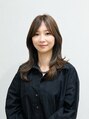 メルア バイ エイト つくば研究学園(Meluah by 8)&nbsp;長野 成美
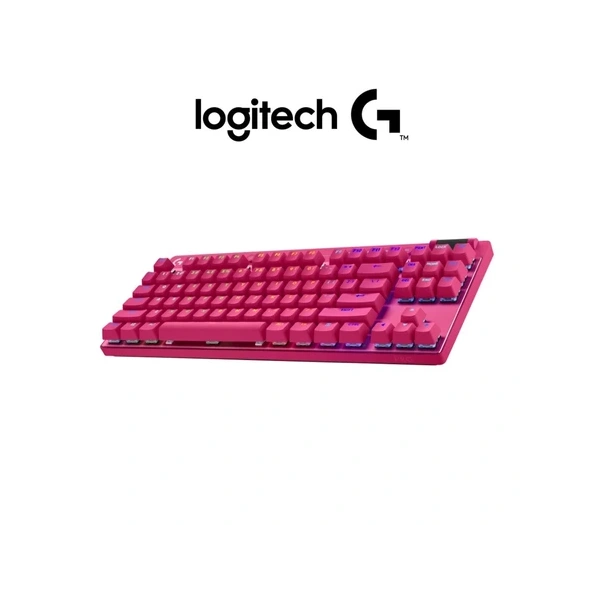 my-11134207-7r990-lmfrh0f5z4czc4resize_w450_nl
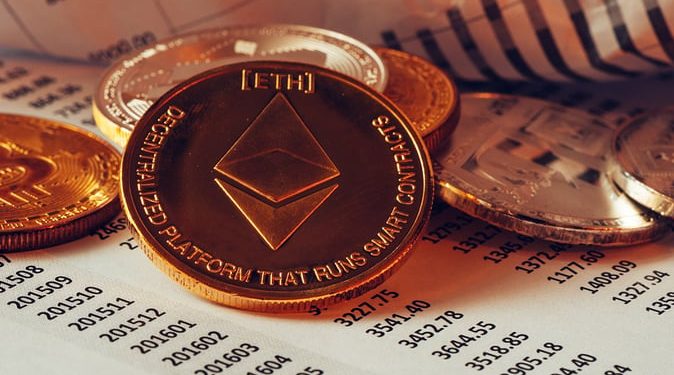 CF Benchmarks Introduces ETH Staking Reward Rate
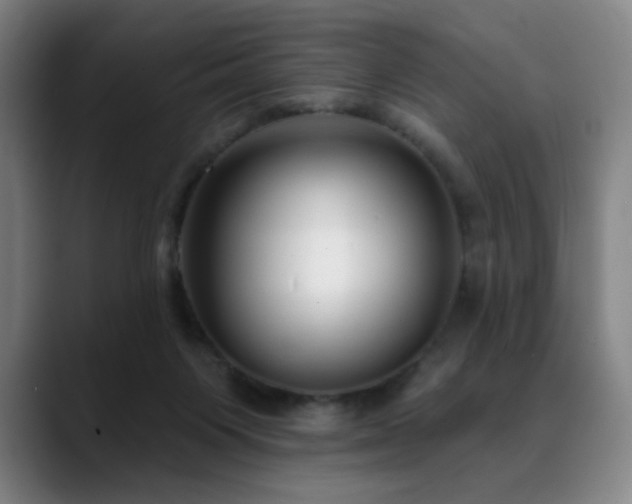 X0000089440119200706151420
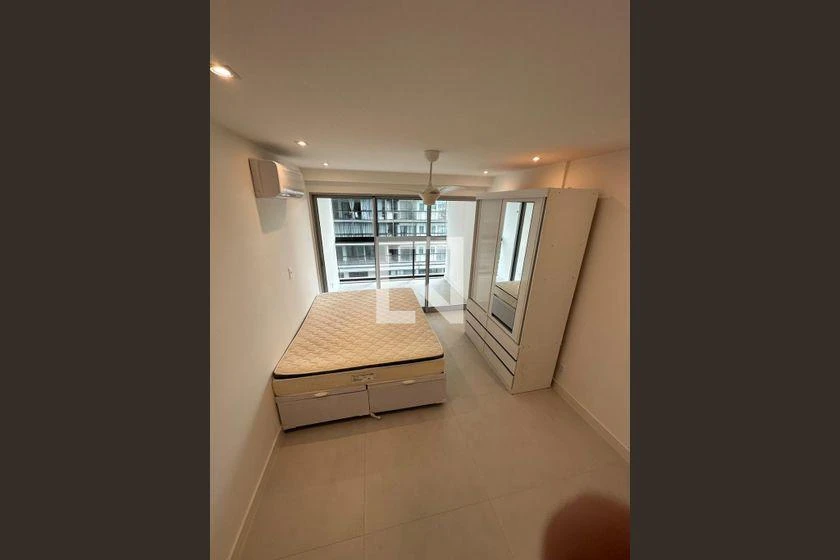 Apartamento de 2 quartos com máquina de lavar — photo 33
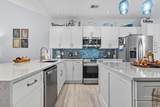 1533 Palmina Loop - Photo 14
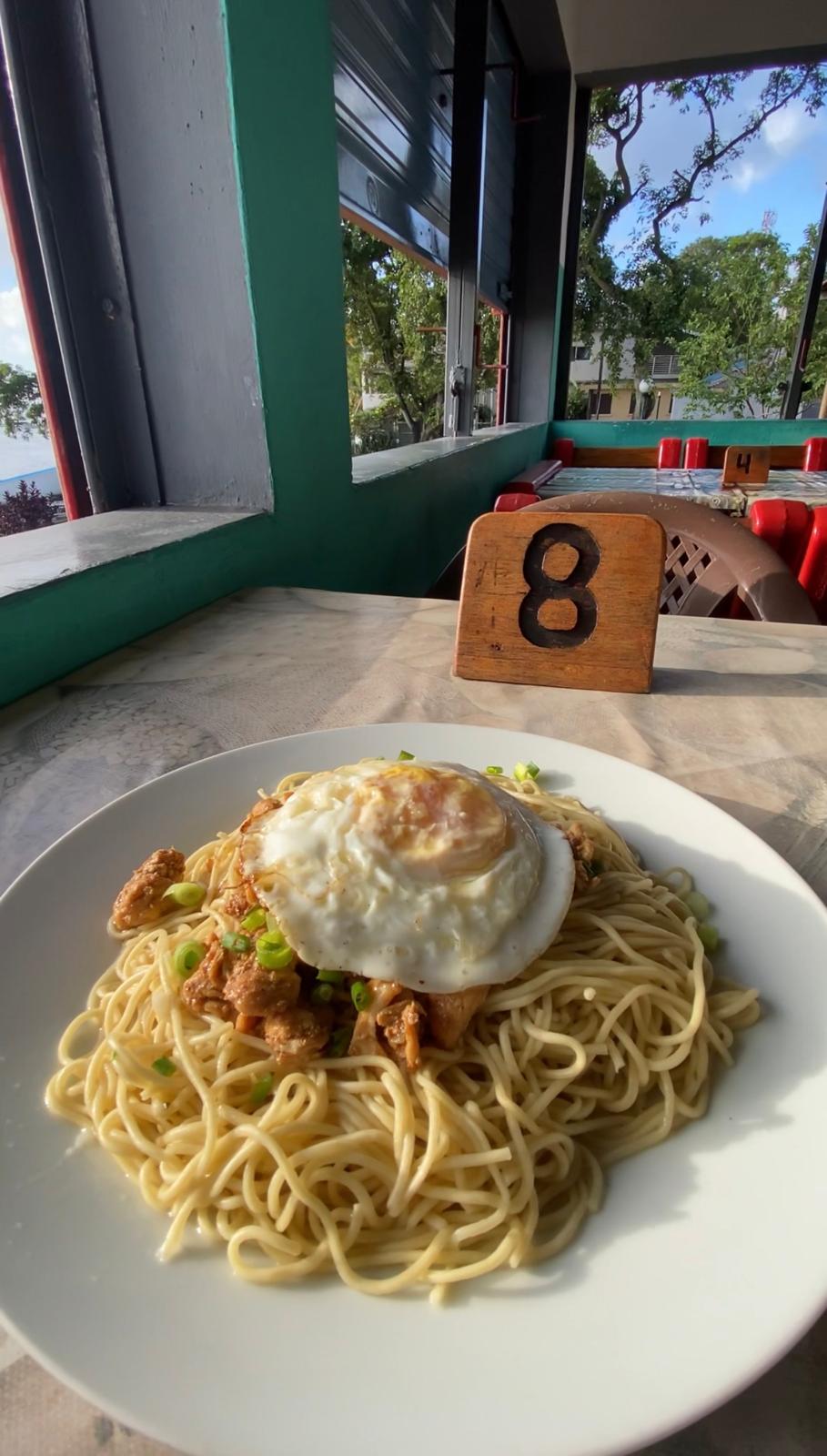 boil-noodles-in-mauritius.jpeg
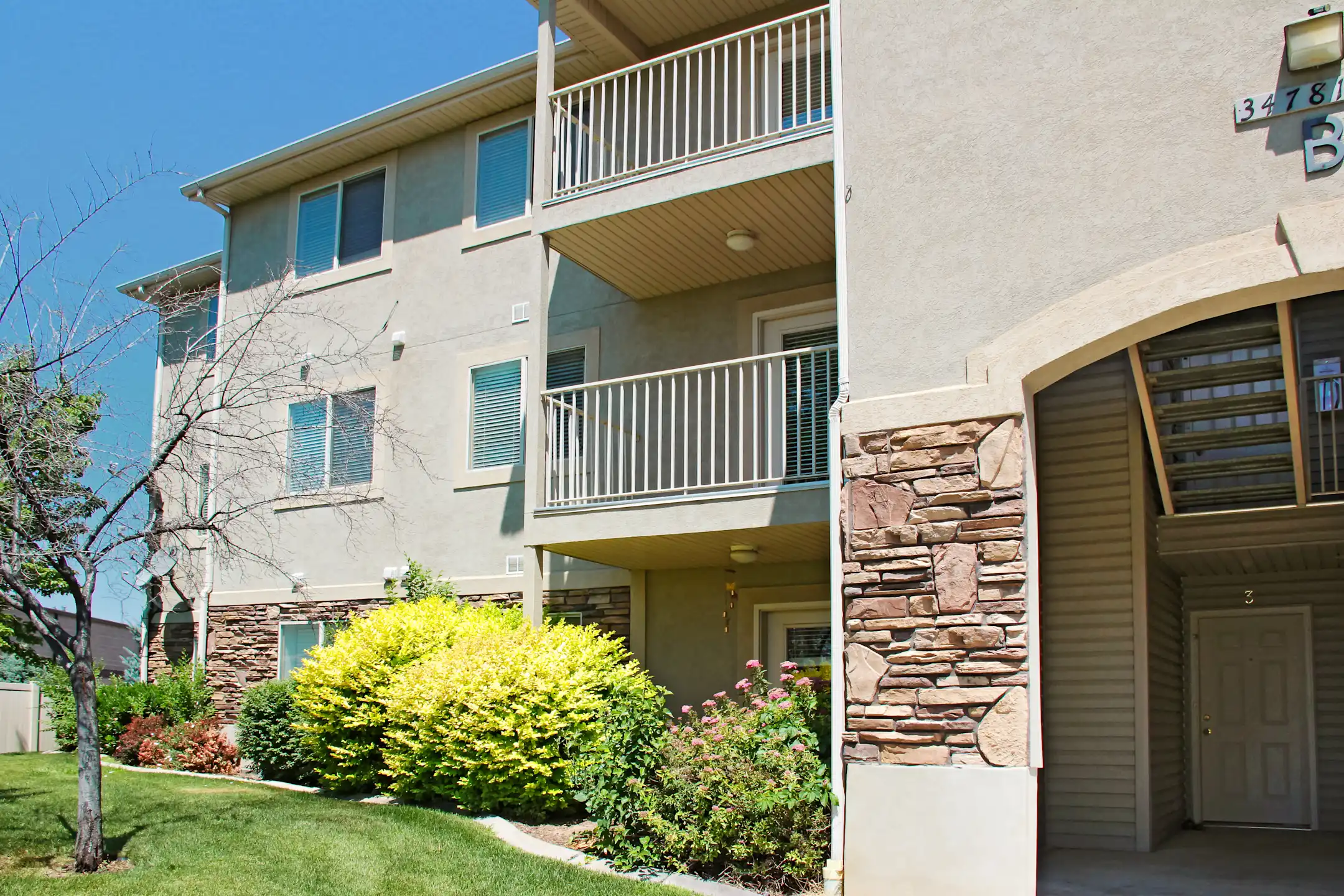 Autumn Hills Apartments Apartments Layton, UT 84041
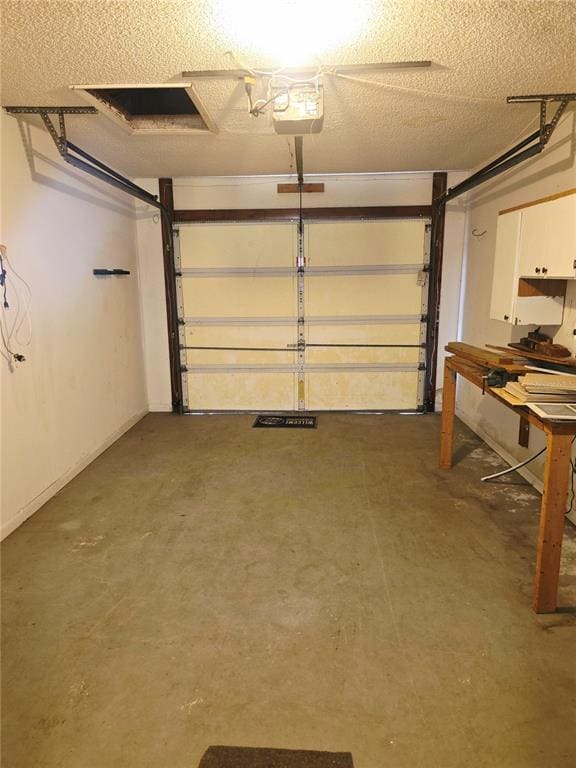 Building Photo - 8425 SW 107th Pl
──────────────────────────────
* **Exercise goal**:
Begin at the first line of the entries and end at the line containing "boil-noodles-in-mauritius.jpeg": write out each line exactly, skipping pictures.

* **Solution to this problem**:
 メルア バイ エイト つくば研究学園(Meluah by 8)&nbsp;長野 成美
 my-11134207-7r990-lmfrh0f5z4czc4resize_w450_nl
 CF Benchmarks Introduces ETH Staking Reward Rate
 X0000089440119200706151420
 Apartamento de 2 quartos com máquina de lavar — photo 33
 1533 Palmina Loop - Photo 14
 boil-noodles-in-mauritius.jpeg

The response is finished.